August is Women in Translation month hosted by Biblibio and I have recently read two works of translated fiction written by women which were both shortlisted for this year’s Independent Foreign Fiction Prize. Firstly, there’s ‘The Mussel Feast‘ by Birgit Vanderbeke which is a novella translated from the German by Jamie Bullock and was originally published shortly after the fall of the Berlin Wall. The second is ‘Revenge’ by Yoko Ogawa which is a collection of eleven loosely connected short stories translated from the Japanese by Stephen Snyder.
‘The Mussel Feast’ is published by Peirene Press, a small independent publishing house who specialise in what the Times Literary Supplement describes as “literary cinema for those fatigued by film” – in other words, they print short contemporary European fiction translated into English which can easily be read in a single sitting. Narrated by the elder daughter, ‘The Mussel Feast’ opens with a mother and her two teenage children waiting for the father of the family to arrive home from work. They have prepared a large bowl of mussels – his favourite meal – but as the hours pass, he still doesn’t appear and we learn from the unnamed narrator’s monologue that he is an oppressive and controlling bully. Vanderbeke said of ‘The Mussel Feast’: “I wanted to understand how revolutions start. It seemed logical to use the figure of a tyrannical father and turn the story into a German family saga.” It’s a perfect choice for Peirene’s Revolutionary Moments series and at just over 100 pages in length, ‘The Mussel Feast’ is an intimate, subtle and brilliantly controlled piece of writing which has been rightly hailed as a modern classic.
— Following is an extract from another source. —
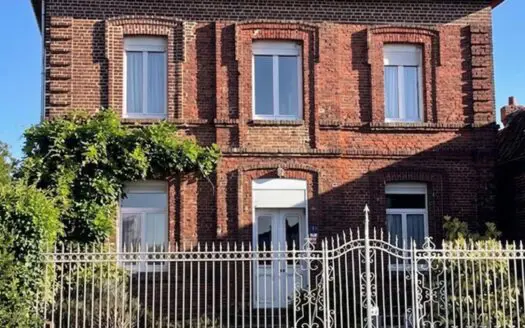 Maison À vendre 3 chambres 158 m²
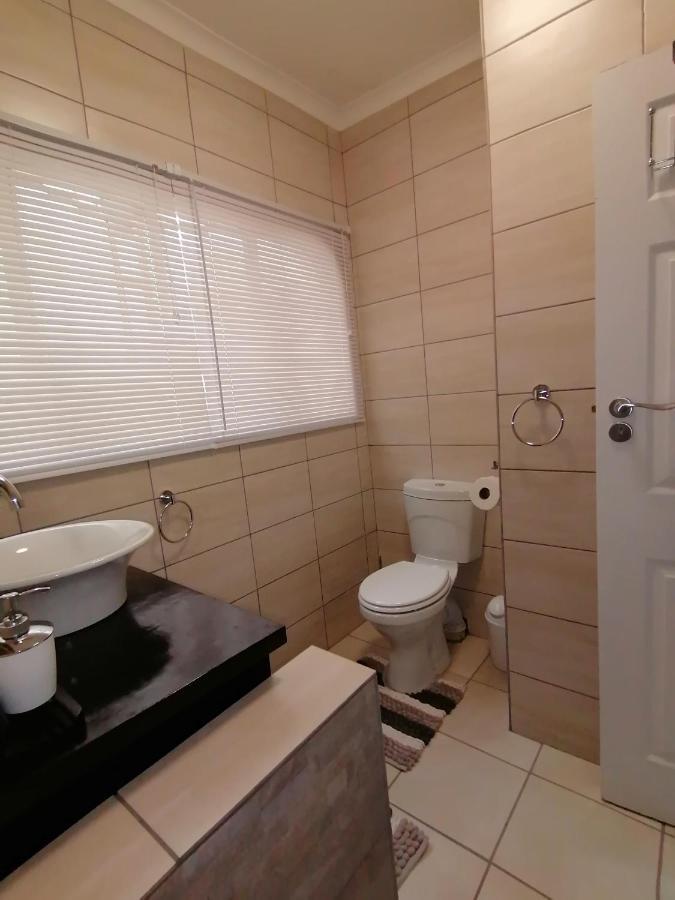 Roxy'S Rest Guest House Vanderbijlpark Exterior photo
Subtitled ‘Eleven Dark Tales’ and originally published in Japan in 1998, ‘Revenge’ opens with a story about a woman who visits a bakery to buy two strawberry shortcakes for her son’s birthday. Except, as she soon reveals, “He will always be six. He’s dead”. The collection overall is as pleasingly sinister as its title and the deceptively straightforward sentences slowly reveal more macabre themes. The stories feature characters who are loosely connected with each other and in some ways this made ‘Revenge’ feel more like a fragmented novel. Like ‘The Mussel Feast’, ‘Revenge’ can be read in one sitting although the unsettling stories are likely to stay with you for much longer.
Neither ‘Revenge’ nor ‘The Mussel Feast’ won the Independent Foreign Fiction Prize this year which went to ‘The Iraqi Christ’ by Hassan Blasim in the end (although ‘The Mussel Feast’ did win a deserved runner up prize). However, they are both elegant works of translated fiction and it’s brilliant that they now have a wider audience many years after their original publication in the 1990s.